Thursday 12 September 2013

Ontario's Statesman

The Parliamentarians are caught between the push-and-pull of partisan loyalties and constituency demands, working in jobs that have no descriptions; no doubt much of the rancour we see on the Legislative floor is vented frustration about the lack of understanding anyone (themselves included) has about their role.

Partisan shops have one clear mandate - win.  Policy choices, communication approaches, which groups are courted/which get pissed off and how many human resource hours are spent digging up dirt on opponents instead of solution R&D are all reflections of the need to get more seats than they other Parties.

It's not their fault, though - as we've seen with Peter Shurman, they are simply playing by the existing rules of the game.  If you buy into a Randian worldview, that's how it should be - the clever people find whatever way possible to further their own interests, which is what we're seeing play out across the land.

From the Member up to the Leader to the support staff, it's theoretically possible that Political People could hold themselves to a higher standard and set an example we can all be proud of, but what's the motivation?  There's not a lot of adulation in politics from people other than your supporters; for the most part, if an elected official wants credit for positive work they do, they have to promote those things themselves.  We'd love for our political leaders to aspire to something greater - yet when they do, we demonize them as not being reflective of us.
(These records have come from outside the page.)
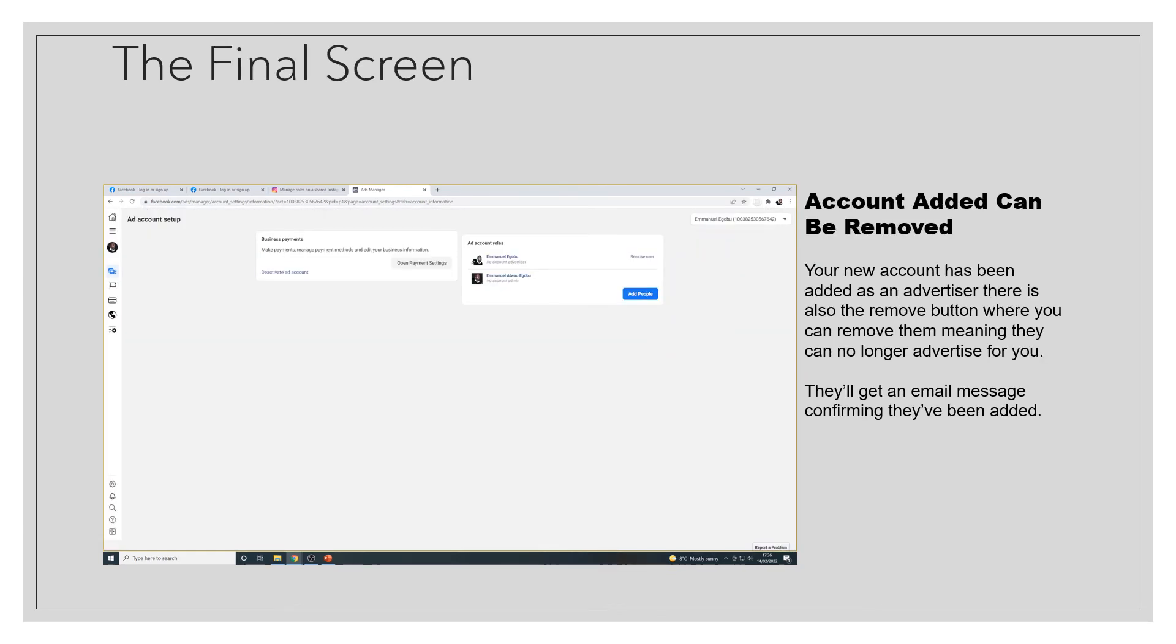You're taken to the final screen where your Facebook friend, which is your advertiser, has been added. And they'll get a message confirmed in their email, and you can remove them by clicking on the remove user link on the right of their name.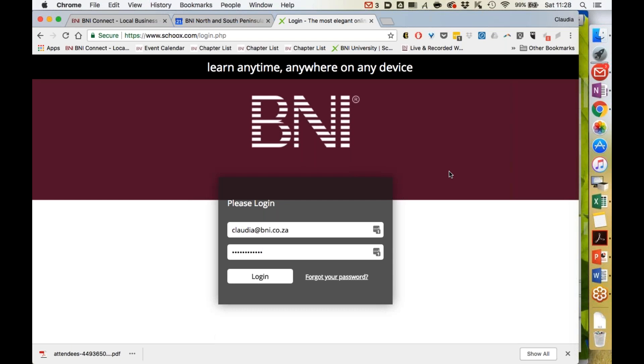If you're logging on for the first time, use your BNI Connect email address and the initial password 123456. Once you've set your password, you would then use that password to log on.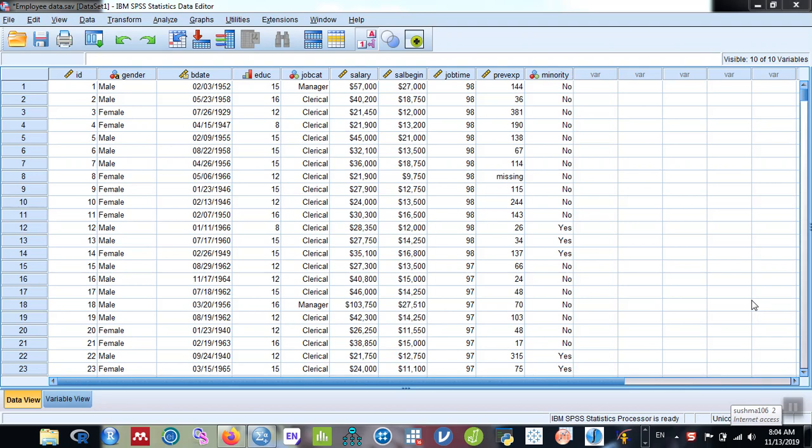Hello everyone, welcome back. This is Raj. In this video, we're going to find out how to calculate independent sample t-tests using SPSS. For that, the outcome variable should be quantitative, for example, salary. Here you can see the numeric variable, and the independent variable should be categorical with two groups.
There's a reason so many people are cynical about politics - especially those that are in it.  The transit file provides a great metaphor; as posturing takes over planning, we spent increasing amounts of time and energy getting nowhere.
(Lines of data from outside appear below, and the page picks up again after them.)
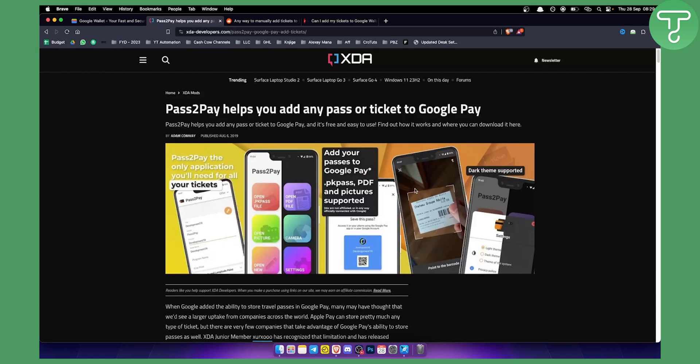So when you go, you just need to go into the app - the app is again Pass2Pay - and you want to scan the ticket. Once you scan the ticket, you will be able to add your tickets to your Pass2Pay wallet on your Android.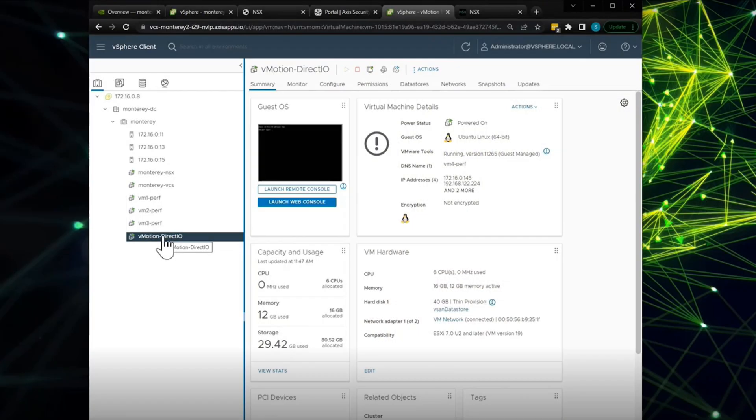Today, we're going to be showing a UPT vMotion demonstration on vSphere 8. This is targeted toward IT admins for vSphere.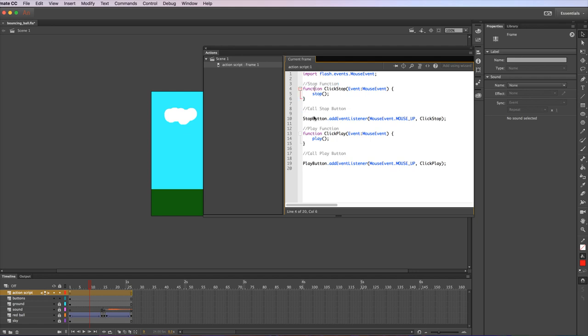We have functions in this particular animation. We have two functions. Functions are a bit of code that you can call. Generally speaking with a more complicated program you might call and reuse them in lots of parts of your program. In this case we're only going to call them once. But a function is a reusable bit of code that you can call.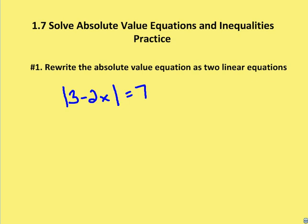Hello, and welcome to Auton Math. In this edition of Auton Math, we're going to handle some problems involving absolute value equations and inequalities.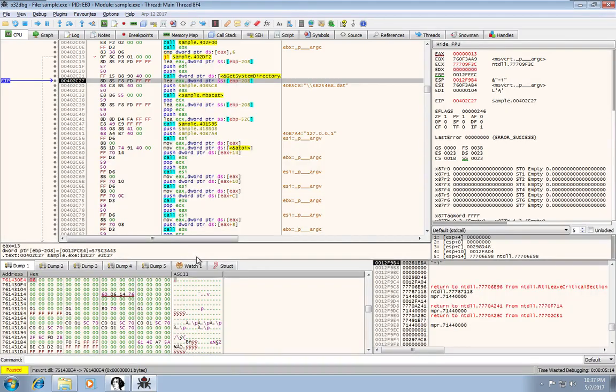Okay, this has been an introduction to x32 debug. Thanks for watching.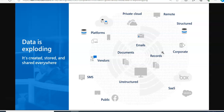Discovering and managing data is challenging — many organizations are struggling, and research tells us most organizations don't have the information to understand the risks they face. Protecting data has become more challenging as people work in new ways, creating and sharing data across organizational and regional boundaries. We need to protect sensitive information on devices, SaaS applications, and cloud services, as well as on-premise environments.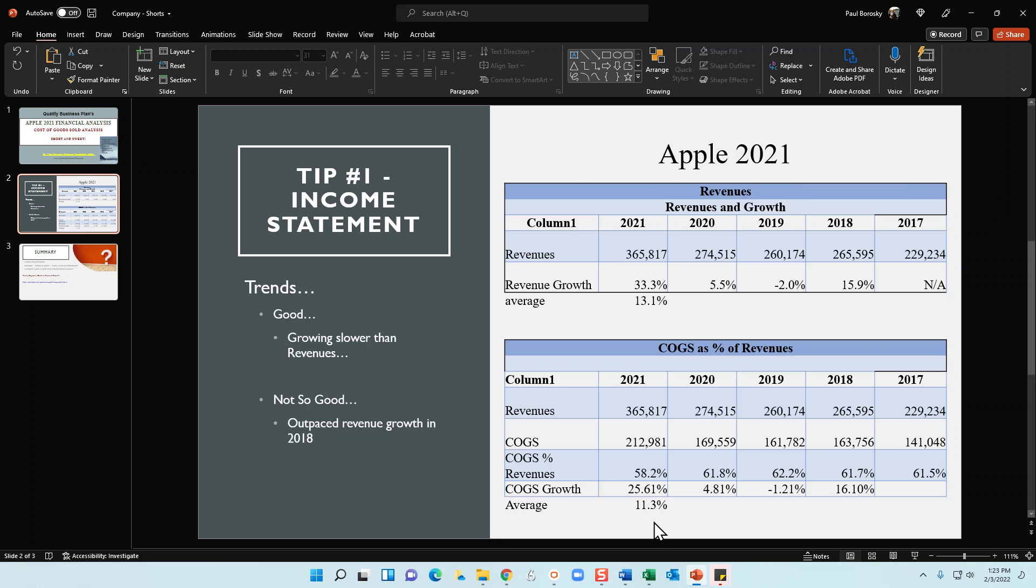I then compared that growth rate with Apple's revenue growth rate, which is 13.1%. This immediately tells me that Apple's revenues are growing at a faster pace compared to their cost of goods, which is a good thing.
Of course the point of Parliamentary Democracy isn't to fuel tribal competition at the expense of progress; it's to ensure a healthy debate of ideas, ensuring the best, most considered options are the one that are made policy.  Sometimes, like now, it takes a voice that stands above the fray to remind us - and the politicians and Parties - of this. 

Enter David Onley.

As LG, Onley's position is largely a ceremonial one; cut ribbons, attend functions, hobknob with persons of importance.  Like many of our elected representatives, he could stick to that role and rightfully say he's just doing his job - it's not his fault that the people are losing faith.

Leadership isn't about shirking responsibility - it's about recognizing problems and catalyzing solutions.

Onley has recognized, as many of us have, that the pillars of our democracy - representation by population and respectful debate - are both in decline.  Instead of point fingers of blame and ensuring he fills his cup before the waterhole shrinks, he's trying to do something about it.

It might not work.  As Onley himself said, it's no easy task, encouraging opponents to humanize each other.

But at least he's trying.  The challenge now is for the Parliamentarians to follow his example.  If they fail to do so, they've got no one but themselves to blame.